An interesting question is whether it is possible to provide both high air permeability for comfort and a high level of aerosol protection in a garment. Is it possible?
Typical air permeable woven fabrics provide very little aerosol protection, while nonwoven fabrics of similar weight can filter out more airborne particles by virtue of their random pore size and fiber size distributions, and their potential for electrostatic charging to increase filtration efficiency. Combinations of layers of protective fabrics, containing nonwoven materials, adsorptive layers such as carbon, and rugged fabrics for overall garment durability will increase aerosol protection.
However, the most effective way to eliminate aerosol penetration without suffering a penalty of high air resistance and high garment weight is to incorporate a microporous membrane consisting of ultrafine or nanosized fibers, such as the material shown in the figure below.

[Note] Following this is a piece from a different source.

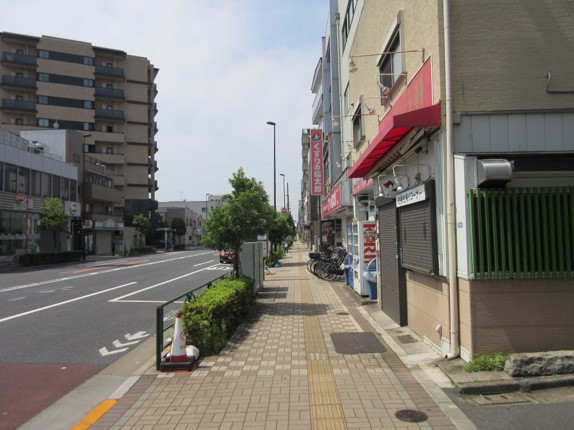 「くすりの福太郎」様を通過して最初の角を右折します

The incorporation of a fibrous microporous membrane by lamination to a cover fabric increases filtration efficiency from 80% for the base fabric to over 99% for a membrane-backed fabric, without significantly increasing resistance to air flow. The finer the mean membrane fiber diameter, the better the filtration efficiency and air flow. Shown in the table below, the air flow resistance and the aerosol filtration efficiency can be adjusted independently. Membrane 1 minimal effect on the air flow resistance of the base fabric and increases filtration efficiency to 97%. An electrospun nylon layer can be applied at different thicknesses to the fabric – this example reduces air flow but achieves 99% filtration. Membrane 2 increases air flow resistance to unacceptable levels for a comfortable fabric but provides full aerosol protection.
The data in this table suggests that there is a middle ground and the structure of the membrane can be optimized with respect to the factors that affect air flow (pore size and thickness) and the factors that affect aerosol protection (fiber size and charge).